Helping Communities Manage Electronic Waste
Published June 1, 2021
Cell phones, televisions, laptops, tablets, watches – there is always something shinier, newer, faster, and smarter to choose from in the world of electronic devices. Americans currently own more than 3 billion electronic products. The average American has 24 devices per household. As the use of these electronic products has grown, the average lifespan of these products becomes shorter. This in turn has resulted in increased volume of discarded and obsolete electronic devices. The resulting waste, commonly known as “e-waste,” is the fastest-growing component of the municipal waste stream in the United States. According to the Global E-Waste Monitor (2017) this has become an emerging problem worldwide, with an estimated 40 million tons of e-waste being generated every year, with less than 30 percent being recycled. The remaining e-waste materials are discarded in landfills or incinerated.
Recovering materials from this waste stream poses challenges. “Management of the electronic waste is related to composition,” said EPA researcher John Glaser. “Separating different items or assemblages should occur early in the recycling pathway. Generally, much more complex mixtures of e-waste materials lead to a situation where material recovery is very limited.”
To help understand and improve the flow of used electronics products from consumer markets to the waste or reuse stream, EPA researchers have developed the Alternative Disposition of Electronics Planning Tool, also called ADEPT.
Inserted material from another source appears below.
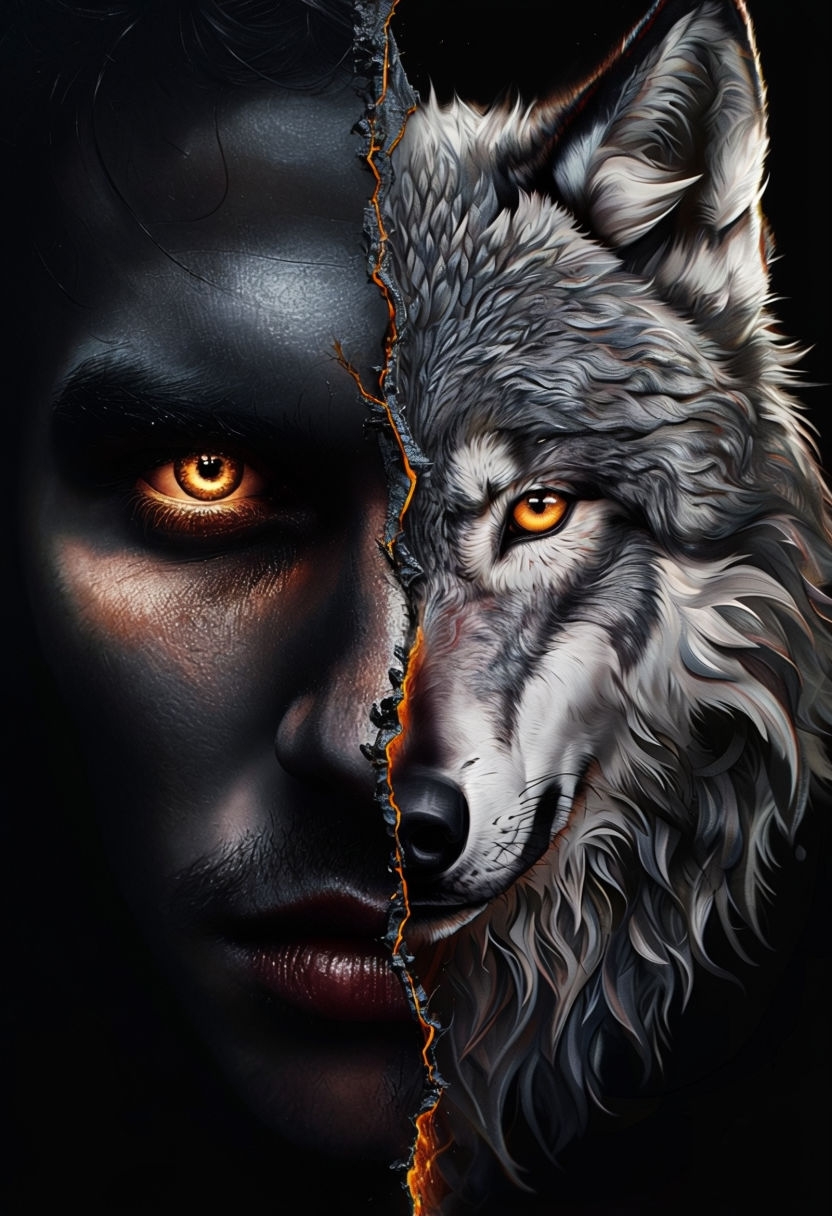 Duality of Man and Wolf Symmetrical Artwork Poster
ADEPT is a modeling tool that uses electronics purchasing data to estimate the composition and quantity of electronic materials designated as waste or reuse. The tool tracks the generation of e-waste on an annual basis for each state and estimates the material flow from end-of-use to disposal. This method uses a market supply method to calculate the amount of e-waste that will be generated, reused, recycled, exported, and disposed of in landfills.
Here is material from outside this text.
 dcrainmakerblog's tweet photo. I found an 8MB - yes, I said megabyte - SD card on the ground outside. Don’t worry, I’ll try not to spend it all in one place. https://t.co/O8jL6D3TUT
E-waste products may contain valuable materials, such as gold, copper and nickel, and rare materials of strategic value such as indium and palladium. Many of these materials can be recovered and reused, while hazardous materials in e-waste, such as mercury, lead, and brominated flame retardants, may require special disposal.
“The simpler the composition of recycling materials, the easier the task of recycling,” explained Glaser. “Separating items may take additional time and money and may be avoided by a recycling company in search of a profit.”
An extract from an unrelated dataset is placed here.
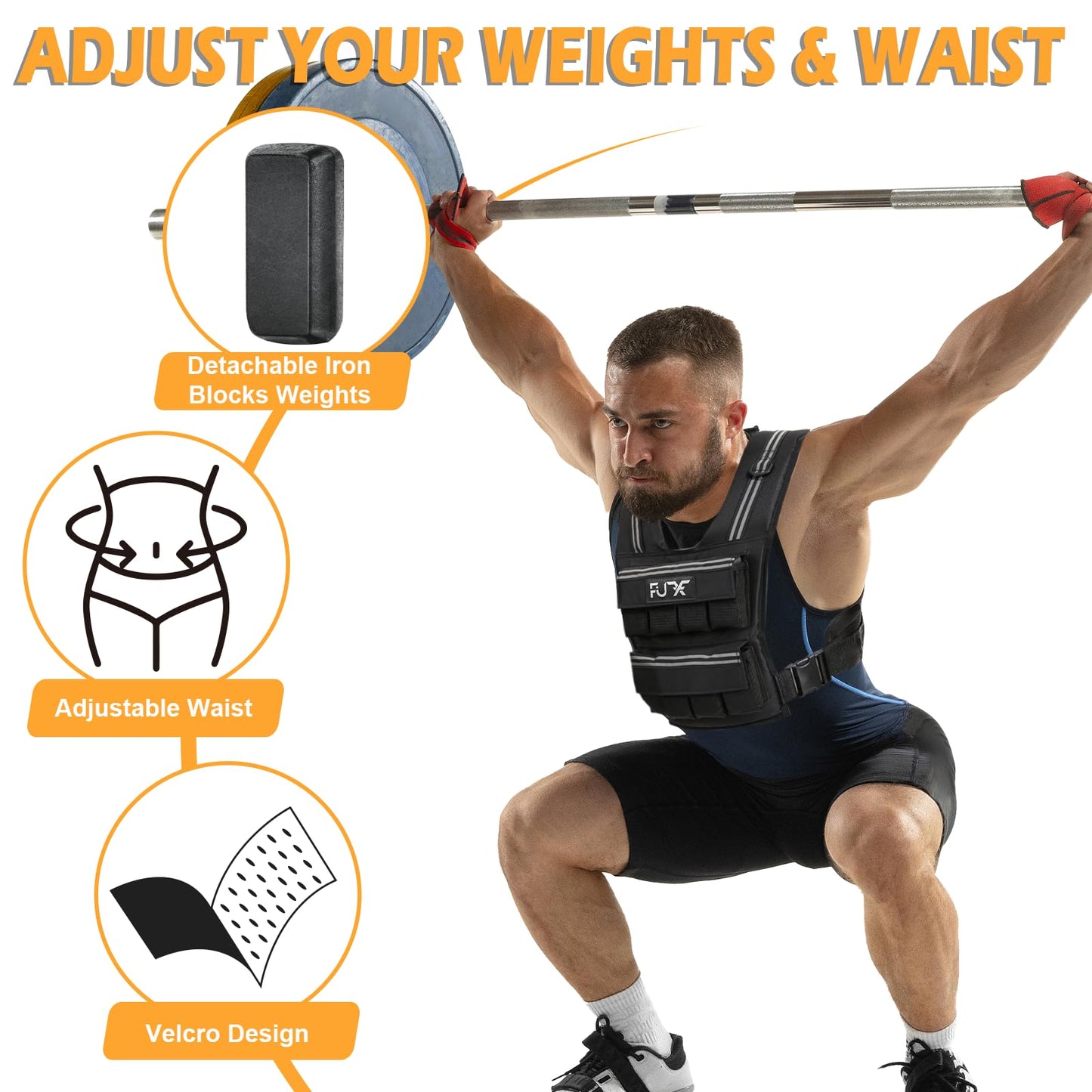 FUFF Adjustable Weighted Vest Men,40 LB Weight Vest for Strength Trainin, Workout Vest Woman with Removable Iron Weights for Walking, Rucking, Running, Exercise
ADEPT can be used to make predictions of future waste generation demands and to evaluate different disposal scenarios of used electronics at both state and national levels. It can also be a useful tool for states to understand how much and what type of e-waste is being generated in their state. This information can be used to improve existing recycling programs.
“ADEPT was designed to be a flexible tool that can be valuable to many users,” said Glaser. “The utility of ADEPT extends from state regulators to interested people in our communities.”
In the hands of state officials and manufacturers, ADEPT can be used to measure the value of current state takeback programs. Many electronics companies and retailers have voluntary takeback programs where they offer takeback and recycling options for e-waste even in states where there is no law requiring it. Manufactures who participate in the takeback program can use ADEPT to estimate the composition of current and future year’s material in the state takeback program.
If done properly, the United States can increase its domestic recycling efforts, reduce harm from exports of E-Waste, strengthen domestic and international markets for viable and functional used electronic products, and prevent health and environmental threats from e-waste.